By Billy DeFrain
While MTV plays fewer and fewer videos, it’s easier for bands to make their own as the cost approaches zero.
This was partly Elisabeth Reinkordt’s thinking when picking a theme for volume three of her Homegrown Film Festival series. The fest features 17 short films from local filmmakers with a special emphasis on low-budget, amateur, DIY and art pieces.
Since the festival was scheduled for the week of Lincoln Calling, the decision to feature local band music videos in this volume of her Homegrown series seemed natural. Reinkordt created a Facebook page to pair local bands with local directors. She was happy to find new submissions from directors who hadn’t participated in previous festivals. The reaction from bands was so enthusiastic that not every band could find a director to shoot its video.
“More than what to include, the goal is to have as many [videos] that are ready to be shown,” Reinkordt said. She’s looking for the right balance of styles in video and music, and eliminating entries that are too long — some were longer than 10 minutes. “You want diversity, but still quality.”
Entries range from abstract sound collage (Amber Hollman), minimalist video performances (Dean the Bible’s “Night Rider,” directed by Glory Benacka) to the DIY approximation of a slickly produced MTV big band video.
Somewhere in between is The Machete Archive’s video for “XI.” Shot on Super 8, the video follows the band driving through the countryside, pulling off the road, donning creepy animal masks — then blowing away a TV with shotguns.
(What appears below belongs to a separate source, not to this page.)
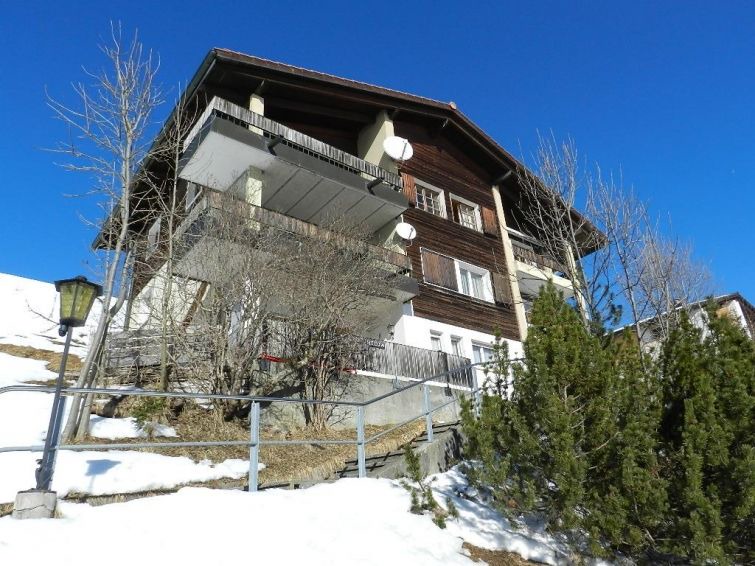 Photo of Buildings in Saanenmoeser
The video features no footage of the band playing live or staged, but gradually builds as the moody, instrumental, metal and math-rock-infused sound of “XI” swells. Co-director Mark Thimijan said drummer Ian Francis approached him with the idea for the video.
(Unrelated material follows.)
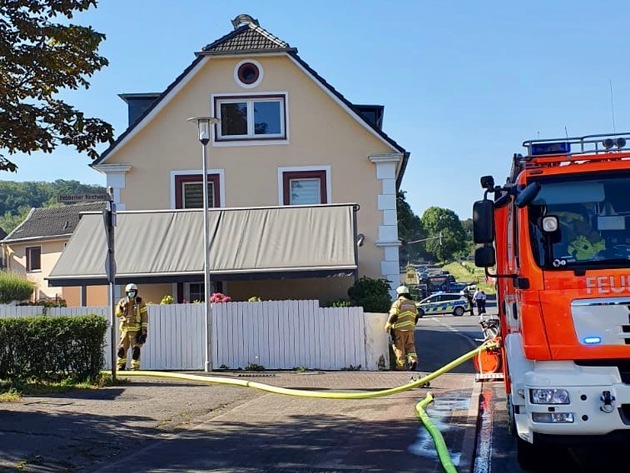 FW-GL: Feuer in Restaurantküche im Stadtteil Hebborn von Bergisch Gladbach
“It’s kind of a gag, but it’s also kind of creepy … I’m not sure if there’s a message behind that or not,” Thimijan said. “We wanted to tell a story, we didn’t want to show them with live footage.”
It’s a callback to the gritty, DIY videos Thimijan remembers growing up with in the early ’80s, which often never showed the band.
“Some of the stuff that would come out would just blow me away. I’d sit in front of the TV and watch one great story after another being told with great music,” he said. “If you do watch music videos now, it seems like the same formula over and over.”
Chris Jonak directed a video for folk singer Manny Coon’s “Sweet Virginia.” The stop-motion animated video features pairs of shoes tapping and dancing on a stage-like setting the rhythm of Coon’s story-based, one-man-and-his-guitar song. Jonak varies the lighting and swaps photos hanging in the background to keep the video visually interesting
Jonak searched thrift stores for the pictures, and sewed his own curtains for the stage. While shooting each of the video’s six scenes only took around half an hour, editing took much longer.
“That was more of a pain than the shooting,” Jonak said. “Syncing it up, the shoes with the songs…[but] you can do anything you want with stop-motion.”
Jonak’s entry exemplifies the sweet spot between lo-fi DIY and creative, watchable quality, Reinkordt said.
“It looks good, and it was totally just done in somebody’s house,” she said. “That’s more what series is about … the ‘home grown’ aspect. It’s fun and some are really, really, DIY. The kids don’t have expensive cameras at all.”
The tone of videos also varies. While “XI” is mostly serious and straightforward, Two Black Cats’ anti-glamour video directed by Mike Van Haitsma features the band wrapped in Christmas lights, covered in grime and wearing plastic grocery bags. Other entries boast impressive production quality for low budget, one-camera videos with little-to-no other equipment.
Reinkordt hopes the Homegrown music videos can become an annual part of the ever-expanding Lincoln Calling.
“You don’t have a lot of venues for this,” Reinkordt said. “[Homegrown Film Festival] collects it and projects it in a manner it should be seen, on a big screen in front of an audience.”
Homegrown Film Festival Volume III: Lincoln Calling runs at 9 p.m. Tuesday, Sept. 28 at Bourbon Theatre, 14thand O, and costs $2.